The first of the two consolidated cases argued today was ZF Automotive, which arises from a private commercial contract with ZF Automotive’s German parent that requires any disputes to be arbitrated before the German Arbitration Institute.  The ZF Automotive case was brought in Detroit prior to commencement of any private international arbitration in Germany.  The district court allowed the requested discovery.  On appeal to the Sixth Circuit, ZF Automotive, in a most unusual move, petitioned for certiorari before judgment to bypass waiting for the Sixth Circuit to decide its appeal. The Supreme Court granted certiorari on Dec. 10.

The second case, AlixPartners, involves an investor-state arbitration arising from a bilateral investment treaty between Russia and Lithuania.  Interestingly, the AlixPartners case is an appeal from the Second Circuit, which in its decision distinguished NBC (see details below), as well as the Second Circuit’s more recent In re Guo, 965 F.3d 96 (2d Cir. 2000), to allow Section 1782 discovery for investor-state cases.

By accepting both a private international arbitration case (ZF Automotive) and an investor-state arbitration case (AlixPartners), the Supreme Court is poised to decide definitively whether any non-governmentally created tribunal can be a “foreign or international tribunal” within the meaning of Section 1782. That was the key focus in today’s arguments.

The cases have attracted 12 amicus briefs – five in support of the petitioners opposing Section 1782 discovery, four in favor of Section 1782 discovery, and three in support of neither side. 

The most significant amici is the United States, which opposes Section 1782 discovery in both private and investor-state arbitrations, arguing that the term “tribunal” does not include international arbitral tribunals, whether they be created either for private international arbitrations or under bilateral or multi-national investment treaties.  The Solicitor General requested and was granted the right to argue orally for the United States today in support of petitioners.

Today’s Arguments

As noted above, a key issue that emerged early in today’s arguments was whether the Section 1782 phrase “foreign or international tribunal” should be the focus or whether the single word “tribunal” alone should form the basis of the court’s consideration of whether the law allows U.S. federal district courts to provide judicial assistance to international arbitral tribunals.   

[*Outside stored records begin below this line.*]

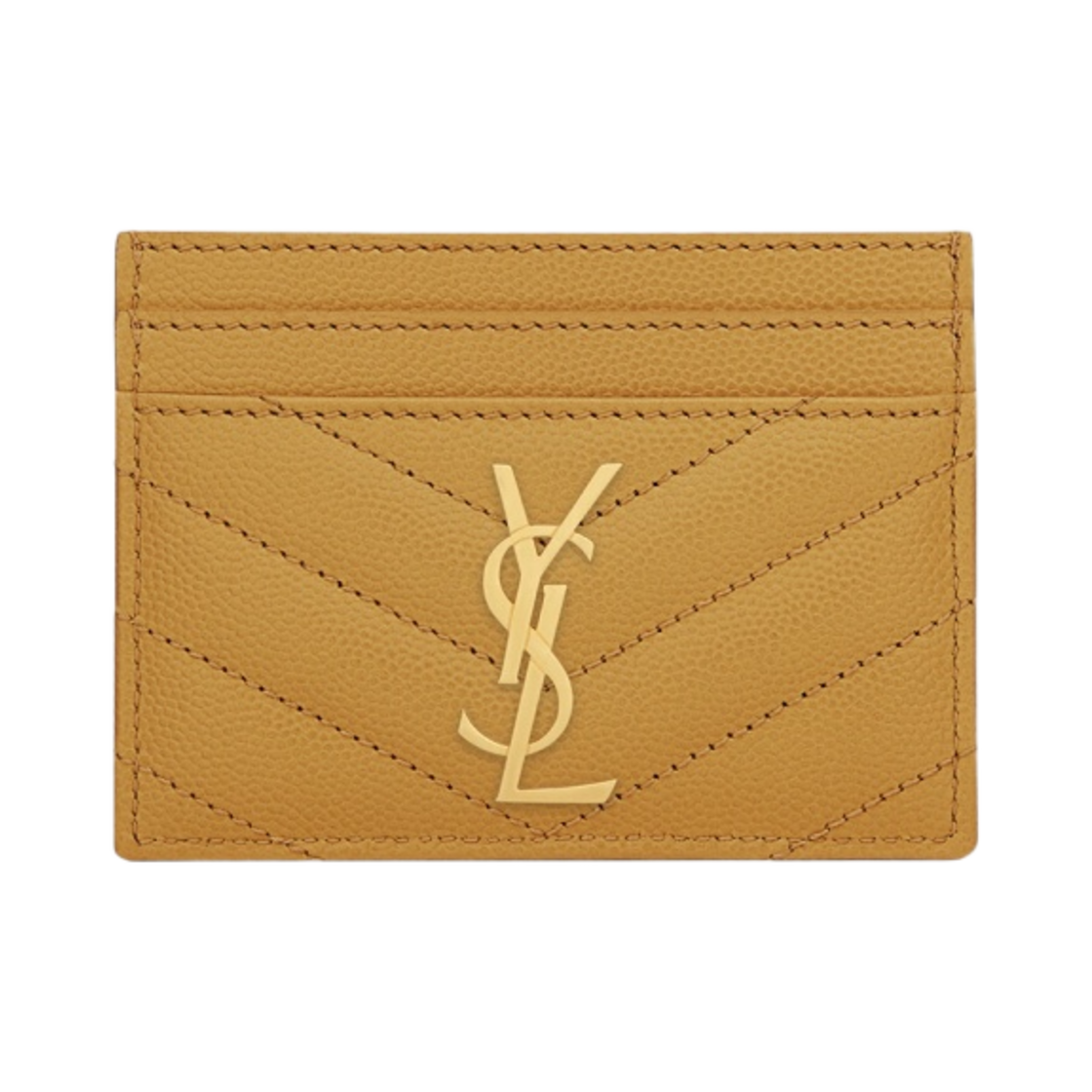 생로랑 그랑 드 뿌드르 엠보스드 레더 카산드라 마틀라세 카드 케이스 샤르트뢰즈 옐로우(Saint Laurent Cassandre Matelasse Card Case in Grain de Poudre Embossed Leather Chartreuse Yellow) - 1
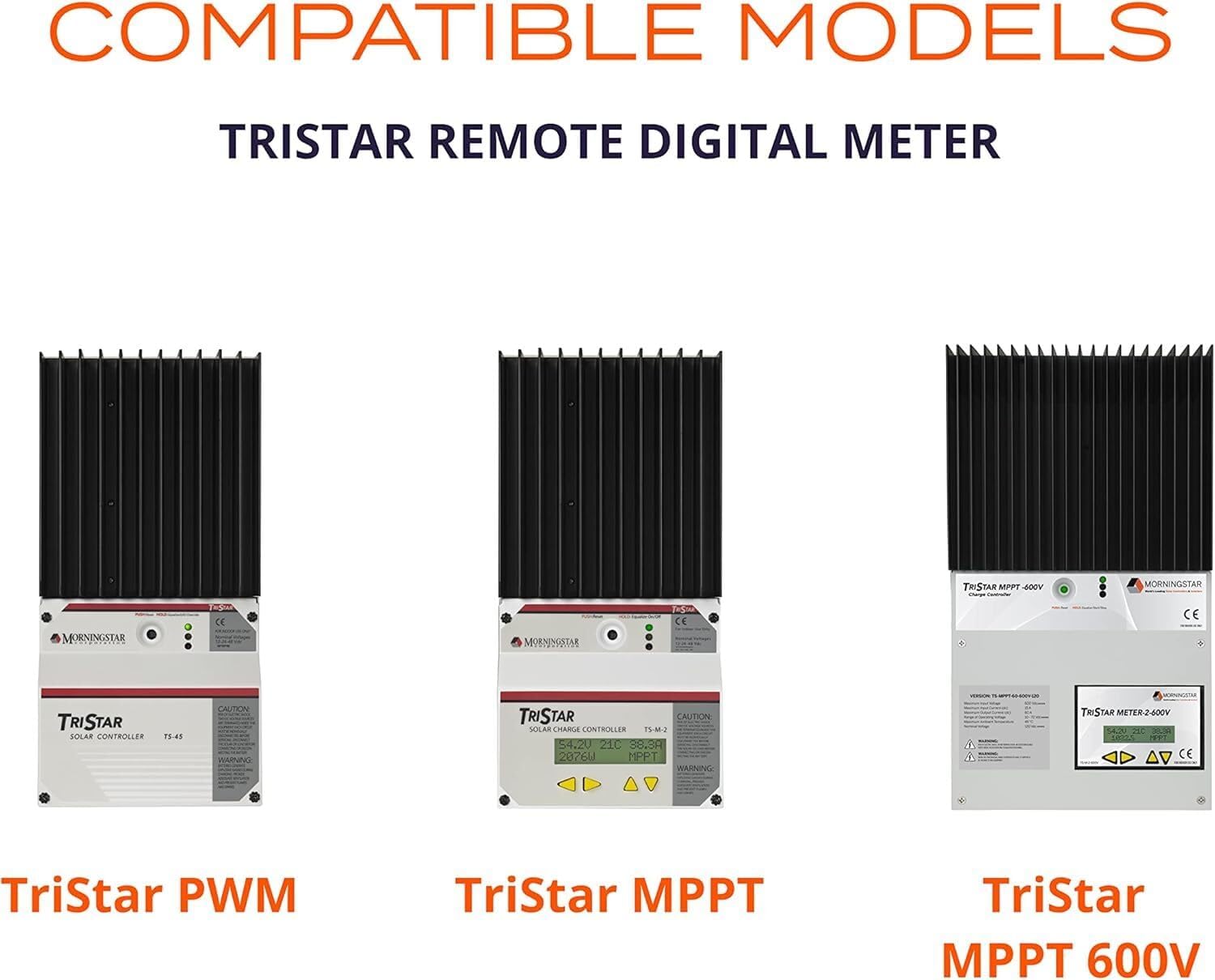 Morningstar Tristar Remote Meter-2 (TS-RM-2) - Connects via 30m Cable to Tristar PWM/MPPT Solar Controllers to Display System Info, Logged Data, Graphs, Alarms & Faults Troubleshooting - 5 Languages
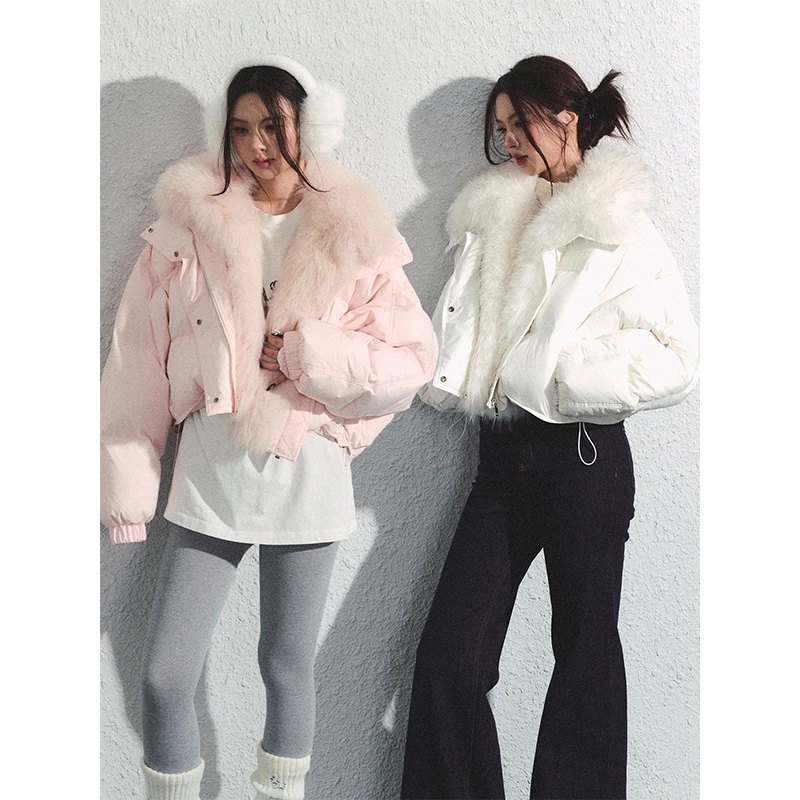 RECOIN R1C白粉双色海军毛领冬季短款连帽羽绒服45RSY12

The 58-year-old statute states, “The district court of the district in which a person resides or is found may order him to give his testimony or statement or to produce a document or other thing for use in a proceeding in a foreign or international tribunal, including criminal investigations conducted before formal accusation.  . . .”

The petitioners opposing Section 1782 discovery–Roman Martinez, deputy office managing partner in the Washington, D.C. office of Latham & Watkins on behalf of ZF Automotive, and Joseph T. Baio, senior counsel at New York’s Willkie Farr & Gallagher, for AlixPartners–argued that the entire phrase, “foreign or international tribunal,” must be considered, and that the phrase has never been used with respect to an arbitral tribunal.

The respondents, on the other hand, focused on the word “tribunal” and argued that it has frequently been used with respect to arbitral tribunals, both contemporaneously in 1964 when the statute was enacted and in current usage. The respondent attorneys arguing on behalf of, respectively, Luxshare and the Fund for Protection of Investor Rights in Foreign State, were Andrew Rhys Davies, a New York partner at Allen & Overy, and Alexander A. Yanos, a New York and Washington partner in Alston & Bird.

Veteran Assistant Solicitor General Edwin Kneedler’s argument, which split the four party appearances, appeared to be given weight, especially in relation to how allowing discovery under Section 1782 might affect the United States’ relations with foreign governments.  His argument contended that there is no meaningful distinction between private international arbitral tribunals and arbitral tribunals established under investment treaties, mainly because neither are “governmental.” 

If you have a U.S. court engaged in discovery, said Kneedler, “it creates the potential for . . . controversy and . . . for having the United States involved . . . in something that is really none of its business.”

The takeaway from Kneedler’s arguments was that the Court should be cautious in accepting respondents’ arguments because any expansion of the scope of Section 1782’s reach should be addressed by Congress.  Congress “had specifically in mind formality,” he concluded.

Kneedler’s point resonated with both Justices Gorsuch and Breyer in the argument that immediately followed by Andrew Rhys Davies, arguing for Luxshare to allow discovery under Sec. 1782 for the company’s arbitration in Germany.  Davies had a difficult time answering Gorsuch’s repeated inquiries on why a definitive Sec. 1782 extension shouldn’t be left to Congress.  Davies ultimately countered that there was no need because the full statute answers the application question by putting it in the U.S. District Court’s hands.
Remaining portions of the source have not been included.